*EXERCISE GOAL*.
Everything in the data should be repeated exactly, save for the images.
-.-.-
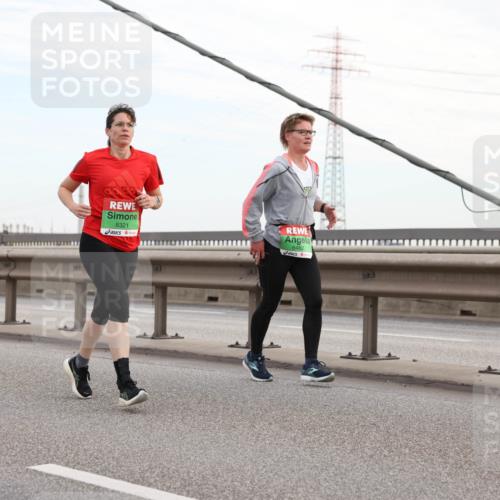 03.10.2025 - Köhlbrandbrückenlauf Lena Gebhardt http://msf.ph/oto/9198027 03.10.2025 15:33:13 Position 1 8321, 8482 meine-sportfotos.de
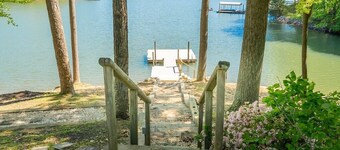 PRIVATE PENINSULA on LAKE NORMAN Pet Friendly!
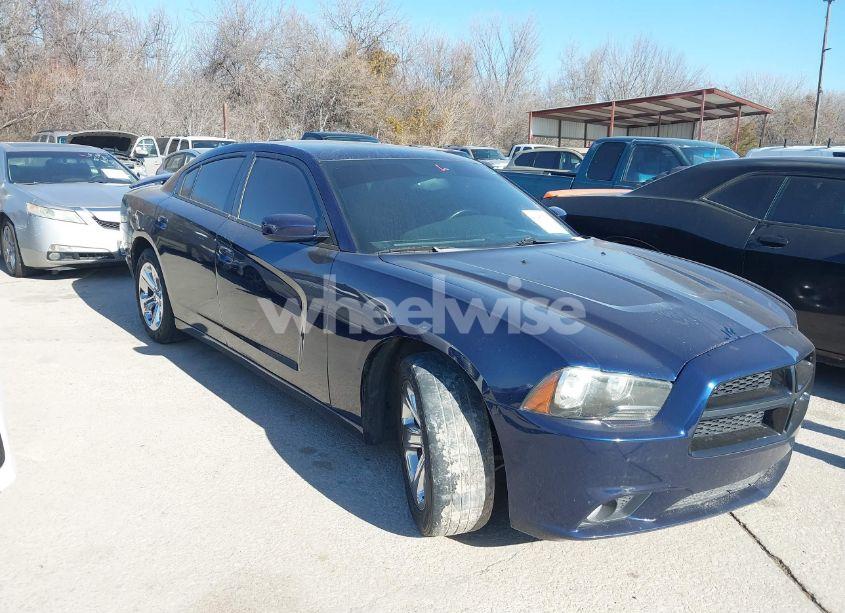 2014 Dodge Charger SE (VIN 2C3CDXBGXEH360033) main photo
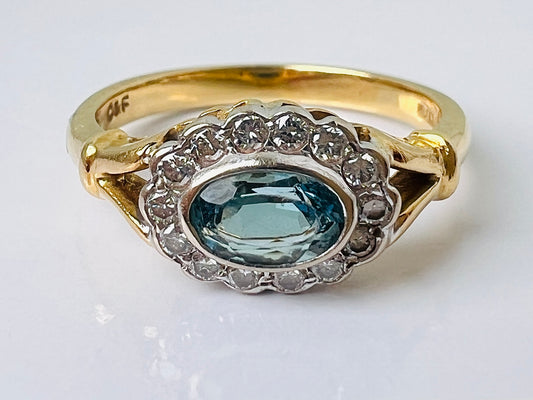 Vintage 18ct Gold Aquamarine & Diamond Ring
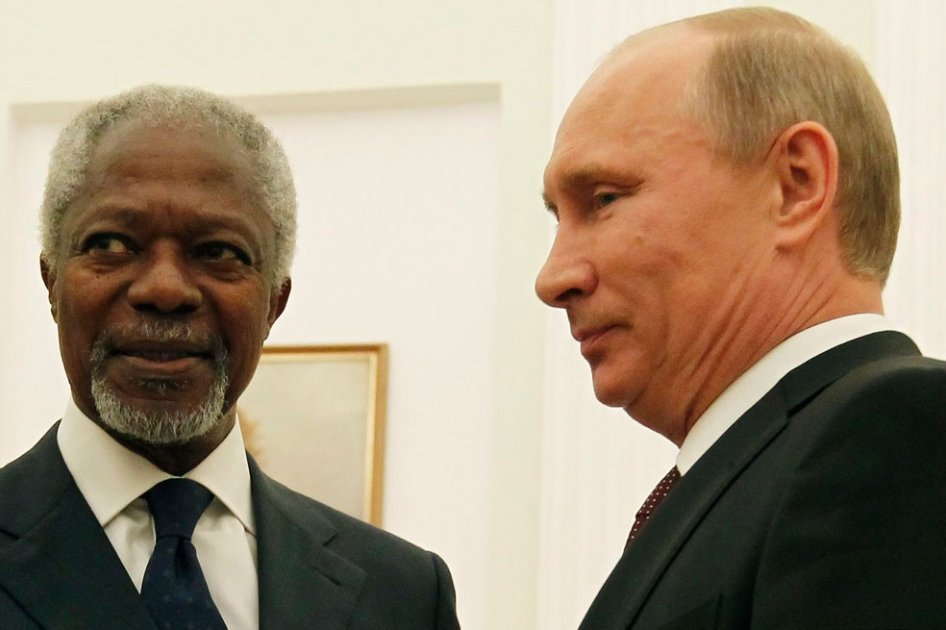 Kofi Annan junto a Vladimir Putin, presidente de Rusia. Foto: AFP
-.-.-
*REPLY TO THE EXERCISE*.
 03.10.2025 - Köhlbrandbrückenlauf Lena Gebhardt http://msf.ph/oto/9198027 03.10.2025 15:33:13 Position 1 8321, 8482 meine-sportfotos.de
 PRIVATE PENINSULA on LAKE NORMAN Pet Friendly!
 2014 Dodge Charger SE (VIN 2C3CDXBGXEH360033) main photo
 Vintage 18ct Gold Aquamarine & Diamond Ring
 Kofi Annan junto a Vladimir Putin, presidente de Rusia. Foto: AFP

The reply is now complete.